━━━ Provided data

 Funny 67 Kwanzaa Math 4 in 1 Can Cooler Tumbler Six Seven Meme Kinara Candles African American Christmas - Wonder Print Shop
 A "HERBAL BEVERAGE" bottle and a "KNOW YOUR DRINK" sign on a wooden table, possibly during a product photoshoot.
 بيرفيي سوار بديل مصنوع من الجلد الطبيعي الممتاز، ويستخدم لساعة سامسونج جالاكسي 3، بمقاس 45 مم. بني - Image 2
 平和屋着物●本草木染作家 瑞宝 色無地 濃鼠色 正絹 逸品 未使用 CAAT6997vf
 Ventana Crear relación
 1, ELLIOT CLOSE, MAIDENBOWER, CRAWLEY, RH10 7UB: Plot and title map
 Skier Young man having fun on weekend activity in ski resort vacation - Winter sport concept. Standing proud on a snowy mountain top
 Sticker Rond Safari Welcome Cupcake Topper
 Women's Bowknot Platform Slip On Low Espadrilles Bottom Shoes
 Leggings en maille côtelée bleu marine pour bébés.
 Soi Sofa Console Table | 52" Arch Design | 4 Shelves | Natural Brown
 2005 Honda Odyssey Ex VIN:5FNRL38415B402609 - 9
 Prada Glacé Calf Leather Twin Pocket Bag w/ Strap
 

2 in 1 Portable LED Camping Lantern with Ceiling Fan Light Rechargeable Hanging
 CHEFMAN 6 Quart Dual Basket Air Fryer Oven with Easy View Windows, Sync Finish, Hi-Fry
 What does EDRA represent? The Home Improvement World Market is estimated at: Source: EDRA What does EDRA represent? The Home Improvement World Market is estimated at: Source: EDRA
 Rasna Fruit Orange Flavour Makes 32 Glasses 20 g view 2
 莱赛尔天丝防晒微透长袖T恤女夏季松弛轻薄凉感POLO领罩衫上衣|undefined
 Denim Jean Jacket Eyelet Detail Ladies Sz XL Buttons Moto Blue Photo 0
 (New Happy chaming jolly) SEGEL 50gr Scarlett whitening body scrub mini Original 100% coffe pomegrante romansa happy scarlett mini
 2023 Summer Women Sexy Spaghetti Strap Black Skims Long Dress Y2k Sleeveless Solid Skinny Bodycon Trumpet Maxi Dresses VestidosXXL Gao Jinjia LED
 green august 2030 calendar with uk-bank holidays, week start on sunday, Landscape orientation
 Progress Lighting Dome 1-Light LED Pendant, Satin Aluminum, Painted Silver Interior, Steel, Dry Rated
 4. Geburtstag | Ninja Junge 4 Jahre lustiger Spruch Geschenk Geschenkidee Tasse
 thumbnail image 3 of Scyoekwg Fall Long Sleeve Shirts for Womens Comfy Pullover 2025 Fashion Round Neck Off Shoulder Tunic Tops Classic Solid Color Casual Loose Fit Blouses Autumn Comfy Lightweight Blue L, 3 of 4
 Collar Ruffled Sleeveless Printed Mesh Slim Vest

━━━━━━

### [Work instructions]
Every line above from the line with "1, ELLIOT CLOSE, MAIDENBOWER, CRAWLEY, RH10" to the line with "Source: EDRA What" is wanted, ends included; write them out exactly and add no other line.

### [Exercise solution]
 1, ELLIOT CLOSE, MAIDENBOWER, CRAWLEY, RH10 7UB: Plot and title map
 Skier Young man having fun on weekend activity in ski resort vacation - Winter sport concept. Standing proud on a snowy mountain top
 Sticker Rond Safari Welcome Cupcake Topper
 Women's Bowknot Platform Slip On Low Espadrilles Bottom Shoes
 Leggings en maille côtelée bleu marine pour bébés.
 Soi Sofa Console Table | 52" Arch Design | 4 Shelves | Natural Brown
 2005 Honda Odyssey Ex VIN:5FNRL38415B402609 - 9
 Prada Glacé Calf Leather Twin Pocket Bag w/ Strap
 

2 in 1 Portable LED Camping Lantern with Ceiling Fan Light Rechargeable Hanging
 CHEFMAN 6 Quart Dual Basket Air Fryer Oven with Easy View Windows, Sync Finish, Hi-Fry
 What does EDRA represent? The Home Improvement World Market is estimated at: Source: EDRA What does EDRA represent? The Home Improvement World Market is estimated at: Source: EDRA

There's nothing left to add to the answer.